**Provided data**.

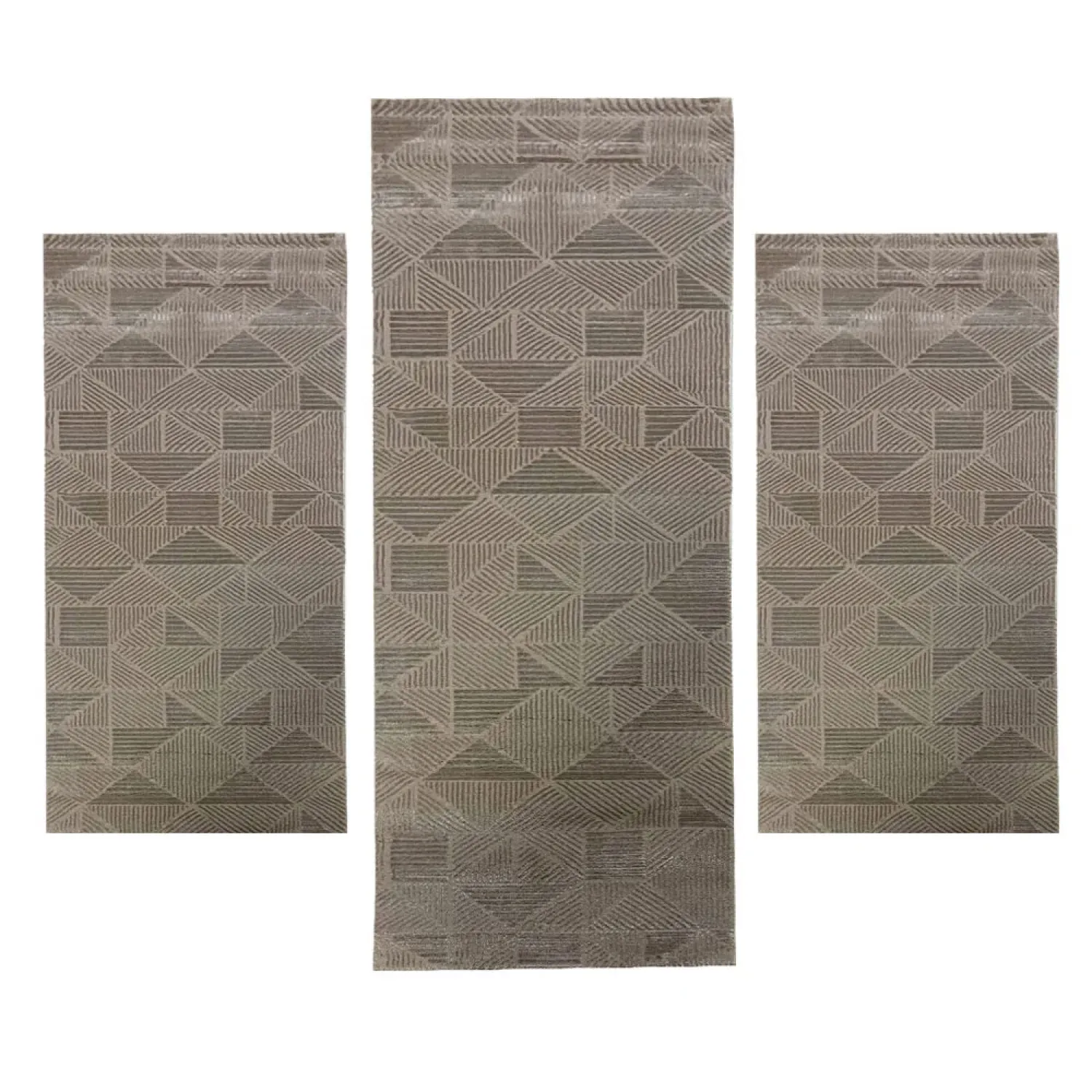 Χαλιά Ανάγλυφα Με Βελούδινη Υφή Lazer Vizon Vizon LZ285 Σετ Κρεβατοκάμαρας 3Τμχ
* * *
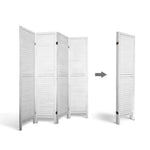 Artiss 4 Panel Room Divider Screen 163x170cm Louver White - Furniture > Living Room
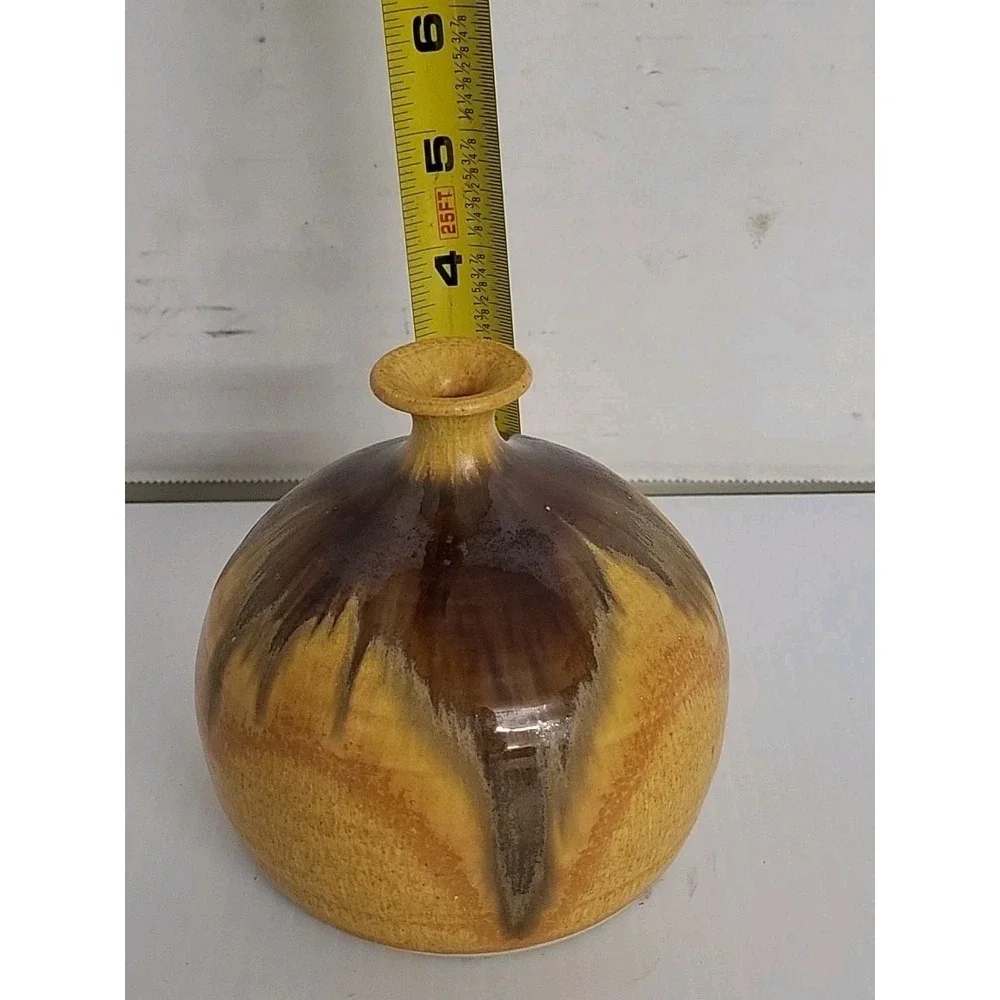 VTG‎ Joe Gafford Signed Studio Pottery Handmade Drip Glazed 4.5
...
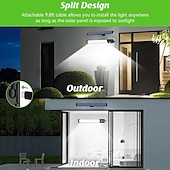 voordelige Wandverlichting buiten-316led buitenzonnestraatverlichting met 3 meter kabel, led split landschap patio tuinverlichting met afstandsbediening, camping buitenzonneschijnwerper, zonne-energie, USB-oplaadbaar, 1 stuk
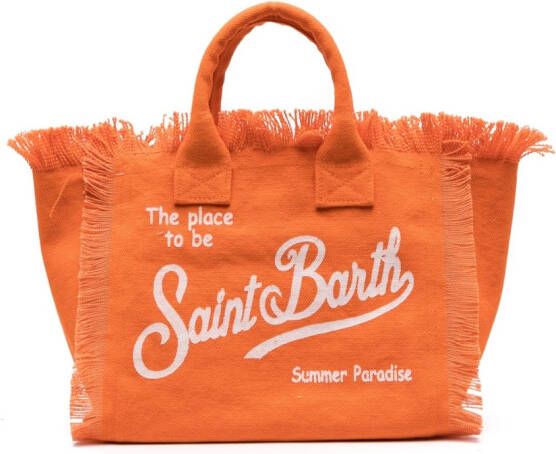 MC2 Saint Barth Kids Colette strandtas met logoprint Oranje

**What this task involves**. Treat the line with "Artiss 4 Panel" as the start and the line with "VTG‎ Joe Gafford" as the end, and return exactly that span of the data above, both ends included, without pictures.

**Exercise response**.
 Artiss 4 Panel Room Divider Screen 163x170cm Louver White - Furniture > Living Room
 VTG‎ Joe Gafford Signed Studio Pottery Handmade Drip Glazed 4.5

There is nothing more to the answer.